Data provided
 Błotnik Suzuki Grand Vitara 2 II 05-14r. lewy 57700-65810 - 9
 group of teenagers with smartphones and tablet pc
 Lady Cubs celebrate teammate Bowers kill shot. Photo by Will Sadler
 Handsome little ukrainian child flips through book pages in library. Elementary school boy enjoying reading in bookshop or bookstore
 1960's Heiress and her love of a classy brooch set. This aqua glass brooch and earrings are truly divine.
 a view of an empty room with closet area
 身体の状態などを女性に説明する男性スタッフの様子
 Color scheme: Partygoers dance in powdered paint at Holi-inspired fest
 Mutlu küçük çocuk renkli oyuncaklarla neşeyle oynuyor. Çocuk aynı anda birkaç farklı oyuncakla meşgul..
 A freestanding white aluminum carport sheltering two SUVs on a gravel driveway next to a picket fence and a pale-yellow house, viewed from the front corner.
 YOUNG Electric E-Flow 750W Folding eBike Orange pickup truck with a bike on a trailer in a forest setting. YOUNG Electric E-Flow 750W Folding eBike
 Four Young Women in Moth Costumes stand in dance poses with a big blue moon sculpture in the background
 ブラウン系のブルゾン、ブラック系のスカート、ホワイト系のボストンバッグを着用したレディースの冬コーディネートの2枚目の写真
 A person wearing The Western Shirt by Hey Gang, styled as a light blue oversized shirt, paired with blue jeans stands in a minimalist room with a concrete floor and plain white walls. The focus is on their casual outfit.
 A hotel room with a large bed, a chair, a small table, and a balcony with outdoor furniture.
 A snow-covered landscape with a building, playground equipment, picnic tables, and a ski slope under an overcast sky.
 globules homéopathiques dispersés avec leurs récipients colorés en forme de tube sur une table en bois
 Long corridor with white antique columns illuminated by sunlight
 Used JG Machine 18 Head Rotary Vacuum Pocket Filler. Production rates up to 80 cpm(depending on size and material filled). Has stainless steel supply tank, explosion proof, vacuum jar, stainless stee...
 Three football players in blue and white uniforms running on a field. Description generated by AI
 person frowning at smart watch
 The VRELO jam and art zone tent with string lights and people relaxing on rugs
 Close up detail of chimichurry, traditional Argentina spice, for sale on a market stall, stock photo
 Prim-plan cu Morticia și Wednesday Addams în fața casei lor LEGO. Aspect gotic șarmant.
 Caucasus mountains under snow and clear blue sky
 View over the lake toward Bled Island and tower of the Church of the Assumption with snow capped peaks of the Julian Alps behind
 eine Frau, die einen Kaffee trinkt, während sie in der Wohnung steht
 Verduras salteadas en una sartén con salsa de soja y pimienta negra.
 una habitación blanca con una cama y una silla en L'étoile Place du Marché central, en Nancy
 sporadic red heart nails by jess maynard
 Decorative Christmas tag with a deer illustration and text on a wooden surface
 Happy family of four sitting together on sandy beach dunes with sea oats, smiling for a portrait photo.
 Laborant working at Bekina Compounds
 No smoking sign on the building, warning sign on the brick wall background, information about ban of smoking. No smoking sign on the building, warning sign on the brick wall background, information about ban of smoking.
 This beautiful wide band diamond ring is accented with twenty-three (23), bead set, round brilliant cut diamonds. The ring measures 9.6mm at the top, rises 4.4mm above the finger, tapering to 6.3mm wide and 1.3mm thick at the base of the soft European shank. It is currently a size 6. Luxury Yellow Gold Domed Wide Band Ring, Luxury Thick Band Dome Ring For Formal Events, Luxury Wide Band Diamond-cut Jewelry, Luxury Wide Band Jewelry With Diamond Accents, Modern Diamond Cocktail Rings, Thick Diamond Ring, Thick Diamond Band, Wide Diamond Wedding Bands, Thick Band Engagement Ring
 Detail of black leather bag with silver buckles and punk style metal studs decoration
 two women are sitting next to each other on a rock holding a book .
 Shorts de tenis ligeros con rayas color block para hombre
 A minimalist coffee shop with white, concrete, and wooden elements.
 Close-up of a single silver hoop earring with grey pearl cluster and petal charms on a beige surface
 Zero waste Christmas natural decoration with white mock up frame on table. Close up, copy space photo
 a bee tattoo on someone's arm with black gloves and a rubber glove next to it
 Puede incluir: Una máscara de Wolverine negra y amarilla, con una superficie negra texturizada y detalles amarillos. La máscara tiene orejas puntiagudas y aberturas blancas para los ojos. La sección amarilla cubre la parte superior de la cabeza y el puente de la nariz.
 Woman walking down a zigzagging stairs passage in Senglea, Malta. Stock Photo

Your goal
Each entry above is to be repeated exactly as it appears.

Result of this exercise
 Błotnik Suzuki Grand Vitara 2 II 05-14r. lewy 57700-65810 - 9
 group of teenagers with smartphones and tablet pc
 Lady Cubs celebrate teammate Bowers kill shot. Photo by Will Sadler
 Handsome little ukrainian child flips through book pages in library. Elementary school boy enjoying reading in bookshop or bookstore
 1960's Heiress and her love of a classy brooch set. This aqua glass brooch and earrings are truly divine.
 a view of an empty room with closet area
 身体の状態などを女性に説明する男性スタッフの様子
 Color scheme: Partygoers dance in powdered paint at Holi-inspired fest
 Mutlu küçük çocuk renkli oyuncaklarla neşeyle oynuyor. Çocuk aynı anda birkaç farklı oyuncakla meşgul..
 A freestanding white aluminum carport sheltering two SUVs on a gravel driveway next to a picket fence and a pale-yellow house, viewed from the front corner.
 YOUNG Electric E-Flow 750W Folding eBike Orange pickup truck with a bike on a trailer in a forest setting. YOUNG Electric E-Flow 750W Folding eBike
 Four Young Women in Moth Costumes stand in dance poses with a big blue moon sculpture in the background
 ブラウン系のブルゾン、ブラック系のスカート、ホワイト系のボストンバッグを着用したレディースの冬コーディネートの2枚目の写真
 A person wearing The Western Shirt by Hey Gang, styled as a light blue oversized shirt, paired with blue jeans stands in a minimalist room with a concrete floor and plain white walls. The focus is on their casual outfit.
 A hotel room with a large bed, a chair, a small table, and a balcony with outdoor furniture.
 A snow-covered landscape with a building, playground equipment, picnic tables, and a ski slope under an overcast sky.
 globules homéopathiques dispersés avec leurs récipients colorés en forme de tube sur une table en bois
 Long corridor with white antique columns illuminated by sunlight
 Used JG Machine 18 Head Rotary Vacuum Pocket Filler. Production rates up to 80 cpm(depending on size and material filled). Has stainless steel supply tank, explosion proof, vacuum jar, stainless stee...
 Three football players in blue and white uniforms running on a field. Description generated by AI
 person frowning at smart watch
 The VRELO jam and art zone tent with string lights and people relaxing on rugs
 Close up detail of chimichurry, traditional Argentina spice, for sale on a market stall, stock photo
 Prim-plan cu Morticia și Wednesday Addams în fața casei lor LEGO. Aspect gotic șarmant.
 Caucasus mountains under snow and clear blue sky
 View over the lake toward Bled Island and tower of the Church of the Assumption with snow capped peaks of the Julian Alps behind
 eine Frau, die einen Kaffee trinkt, während sie in der Wohnung steht
 Verduras salteadas en una sartén con salsa de soja y pimienta negra.
 una habitación blanca con una cama y una silla en L'étoile Place du Marché central, en Nancy
 sporadic red heart nails by jess maynard
 Decorative Christmas tag with a deer illustration and text on a wooden surface
 Happy family of four sitting together on sandy beach dunes with sea oats, smiling for a portrait photo.
 Laborant working at Bekina Compounds
 No smoking sign on the building, warning sign on the brick wall background, information about ban of smoking. No smoking sign on the building, warning sign on the brick wall background, information about ban of smoking.
 This beautiful wide band diamond ring is accented with twenty-three (23), bead set, round brilliant cut diamonds. The ring measures 9.6mm at the top, rises 4.4mm above the finger, tapering to 6.3mm wide and 1.3mm thick at the base of the soft European shank. It is currently a size 6. Luxury Yellow Gold Domed Wide Band Ring, Luxury Thick Band Dome Ring For Formal Events, Luxury Wide Band Diamond-cut Jewelry, Luxury Wide Band Jewelry With Diamond Accents, Modern Diamond Cocktail Rings, Thick Diamond Ring, Thick Diamond Band, Wide Diamond Wedding Bands, Thick Band Engagement Ring
 Detail of black leather bag with silver buckles and punk style metal studs decoration
 two women are sitting next to each other on a rock holding a book .
 Shorts de tenis ligeros con rayas color block para hombre
 A minimalist coffee shop with white, concrete, and wooden elements.
 Close-up of a single silver hoop earring with grey pearl cluster and petal charms on a beige surface
 Zero waste Christmas natural decoration with white mock up frame on table. Close up, copy space photo
 a bee tattoo on someone's arm with black gloves and a rubber glove next to it
 Puede incluir: Una máscara de Wolverine negra y amarilla, con una superficie negra texturizada y detalles amarillos. La máscara tiene orejas puntiagudas y aberturas blancas para los ojos. La sección amarilla cubre la parte superior de la cabeza y el puente de la nariz.
 Woman walking down a zigzagging stairs passage in Senglea, Malta. Stock Photo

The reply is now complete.